In a preferred embodiment of the present invention, droplet
generation events are synchronized with the orthogonal extraction
pulse of the TOF detector. In theory, perfect synchronization of
droplet generation and extraction pulse allows a 100% duty cycle to
be obtained. In the most preferred embodiment, the charged droplets
generated have substantially uniform velocities and transmission
trajectories through the field desorption region. Similarly, gas
phase analyte ions formed from at least partial evaporation of the
charged particles in the field desorption region also have
substantially uniform velocities and transmission trajectories into
the TOF analysis region.
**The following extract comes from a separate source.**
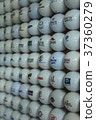 Cherville Hotel, Yangpyeong-gun, Gyeonggi-do 37360279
This preferred embodiment is desirable
because it provides improved ion detection efficiency over
conventional electrospray ionization mass spectrometry (ESI-MS) by
at least a factor ranging from about 2 to about 20. Accordingly,
the present invention comprises a method of analyzing liquid
samples that consumes considerably less sample than convention
ESI-MS analysis.
It should be recognized that the methods of ion production,
classification, detection and quantitation employed in the present
invention are not limited to ion analysis via TOF-MS and is readily
adaptable to virtually any mass analyzer. Accordingly, any other
means of determining the mass to charge ratio of the gas phase
analyte ions may be substituted in the place of the time of flight
mass spectrometer. Other applicable mass analyzers include, but are
not limited to, quadrupole mass spectrometers, tandem mass
spectrometers, ion traps and magnetic sector mass analyzers.
However, an orthogonal TOF analyzer is preferred for the analysis
of high molecular weight species because it is capable of
measurement of m/z ratios over a very wide range that includes
detection of singly charged ions up to approximately 30,000
Daltons. Accordingly, TOF detection is well suited for the analysis
of ions prepared from liquid solution containing macromolecule
analytes such as protein and nucleic acid samples.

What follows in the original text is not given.